The crescent moon shines on a deep blue background, and the "changeling child" that has come between the Fairy King and Queen is shown as a nurseling clasped to Tytania's breast. At one point, light shines onto the bed from the wings looking exactly like the light coming from the hallway into a child's bedroom. There's trouble in this marriage, as the little baby sleeps in the bed with Tytania, superseding Oberon who seeks revenge. When Tytania is asleep, he places the magic flower's essence on her eyes and steals away with the precious red bundle. Come to think of it, the flower is a rather vaginal red lily. Hmm...

The theme of marriage also appears with the four human lovers who get lost in this fairy world, but this time in its impending form, as white costumes that recall wedding gowns and suits. (The green of Oberon's kingdom rubs off on the hair, skin, and perfect white clothing of the lovers, the longer they are there, like grass stains.) Children dominate Britten's score, of course, in the fairy chorus, here the fine Escolania de Montserrat costumed as little munchkin men, with blue mustaches and hair, red gloves, blue vests, green waistcoats like little servants. Puck (Emil Wolk), a role for speaker, here is no child but an aged, loony version of the child fairies, his costume in rags.
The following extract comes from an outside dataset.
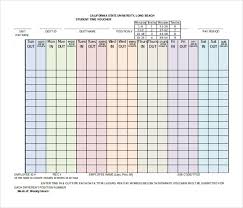 What Is A Payslip And How It Works Free Payslip Templates Payroll Template Microsoft Word Free Templates
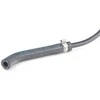 Bmw E90 E92 E93 Ventiliacijos Vamzdis Originalus 17122283591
He makes his first appearance flashing the fairy chorus from inside his trenchcoat.

Act III begins with Oberon strolling through the front of the house, with the baby in his arms. The three mismatched couples float eerily above the stage on beds. As their illusions are undone, the beds descend to the stage. This scene could not suit the oscillating, plangent score better. When Tytania and Oberon are reunited, they dump the baby off with Puck and embrace before heading off stage. For the most part, this crazy production can hang together, but as with many productions of this kind, there are elements that do not fit. For example, the Rude Mechanicals rehearse in a dormitory of double beds, for no apparent reason. In general, the acting troupe seems part of another opera altogether in this production. However, in the final scene, which can often seem like something tacked onto the fairy portion of the play, the play enacted by the Rude Mechanicals is a delight of goofy costumes and silliness. In particular, the Wall's costume has the chink, through which Pyramus and Thisbe speak and kiss, located right at the actor's ass level. This reveals the joke in Thisbe's line, "My lips have touched the wall's hole," in a way that was new to me.

This is the more interesting production of the two DVD versions, although it will certainly not please the purist viewer. The singing is quite good, Daniels and Sala especially, but the sound captured is not always of high quality. (Washington readers would remember tenor Gordon Gietz, who does a fine job as Lysander, from his appearance as Stingo in Sophie's Choice last fall.) The Glyndebourne version has the better singing overall, by a hair, in the excellent children's chorus and most of the roles. Which one you would choose to buy would say a lot about your tastes in how opera is interpreted.